Friday, Apr 18, 2008

And now for the costs of the bailout -- socialized, of course

The Times: Treasury bond scheme depresses gilts prices

As Treasury bonds decline on fears that the government will flood the market with debt in order to bailout mortgage lenders, the cost of government borrowing is rising. This cost will have to be made up through higher taxes or reduced government spending on other priorities.

Posted by richc @ 11:42 AM (579 views) Add Comment

11 Comments

1. Sneaky said...

Higher taxes will choke the economy. So will government spending cuts.
Tax revenue will fall either way - bigger slice of a smaller pie.
So either solution will just make the problem worse.
The answer is to stoke GROWTH but the government seems to have no ideas on this. Don't spend what you already have, focus on earning more. And don't let the government copy what got consumers in this hole in the first place. Government debt is just depersonalised credit card debt, with another name.
Generally the best way is to CUT taxes, and wait for a smaller slice of a BIGGER pie.
Just look at the roar-away success of the new flat-tax economies for evidence.

Friday, April 18, 2008 11:51AM Report Comment
 

2. uncle tom said...

The possibility exists that the borrowing requirements of the BOE and Fed will exceed the investment funds available to the extent that Gilt and Treasury prices fall significantly.

This in turn could provoke a flight to equities (especially by the sovereign funds) pushing up the equity indices while bond prices fall further.

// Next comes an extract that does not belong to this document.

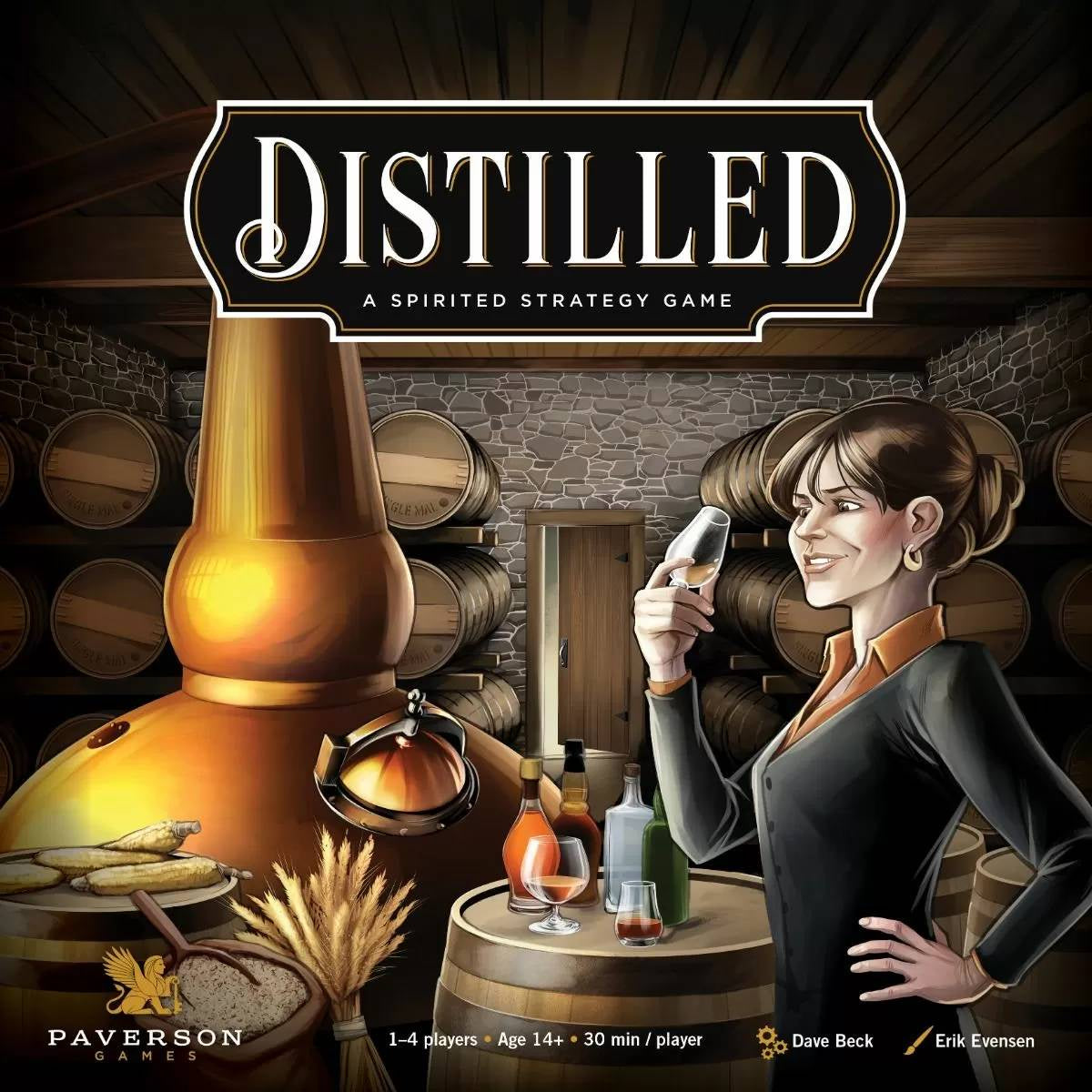 Distilled - Good Games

If bond prices fall, yields rise, and interest rates are forced up..

Friday, April 18, 2008 11:56AM Report Comment
 

3. whiteknight said...

This is a nonsense plain and simple. An absolute nonsense. I defer to Jim Rogers video comments posted below.

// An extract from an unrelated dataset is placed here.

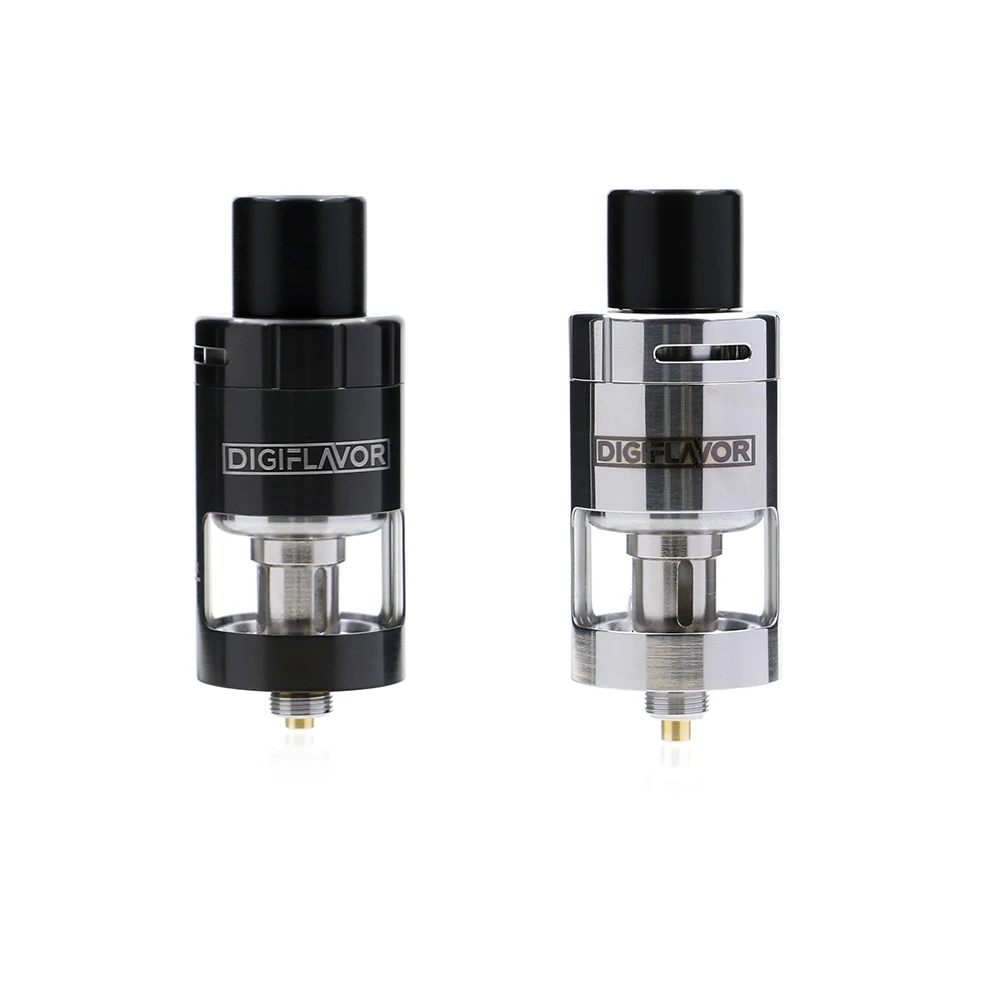 

Clearance!!! Original Digiflavor Espresso Rebuildable Sub Ohm Tank 22mm Version adopts Genisis vertical coils vs siren v2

Also note his examples of what happens when this nonsense ends. People come out efficient, innovative and fighting with new stuff - exactly as they have to do.

Friday, April 18, 2008 12:07PM Report Comment
 

4. inbreda said...

“No one should think that we're going back to the Halcyon days of 12 months ago, when credit was cheap. The mortgage market will still be more difficult to access.”

"Banks said that further restraints could be applied to consumer lending, such as the sale of mortgages with rates substantially above their standard variable rate or adding fees ..."

So basically, even with massive intervention by the glubberment, spending our tax pennies, house prices are still fugged, but we're also going to lose the purchasing power of what money we have been able to save.

So the only winners are the banks (that caused the problem in the first place). the government achieves nothing else. Is this the dictionary definition of incompetence?

Friday, April 18, 2008 12:14PM Report Comment
 

5. techieman said...

Im none too sure about this. If the banks are allowed to borrow Gilts v. MBS - then what will be the valuation, how will taxpayers be insulated against losses and how much will the Govn have to pump in? What Gilts - a special issue, that are only tradeable by Banks or something else? NR had added £100million to the Balance Sheet? eh? It all sounds like a non starter to me, i mean GB wants the banks to lend. Also if this were the answer then why would RBS bother with a rights issue? "there are more questions than answers" - lets see the detail next week.....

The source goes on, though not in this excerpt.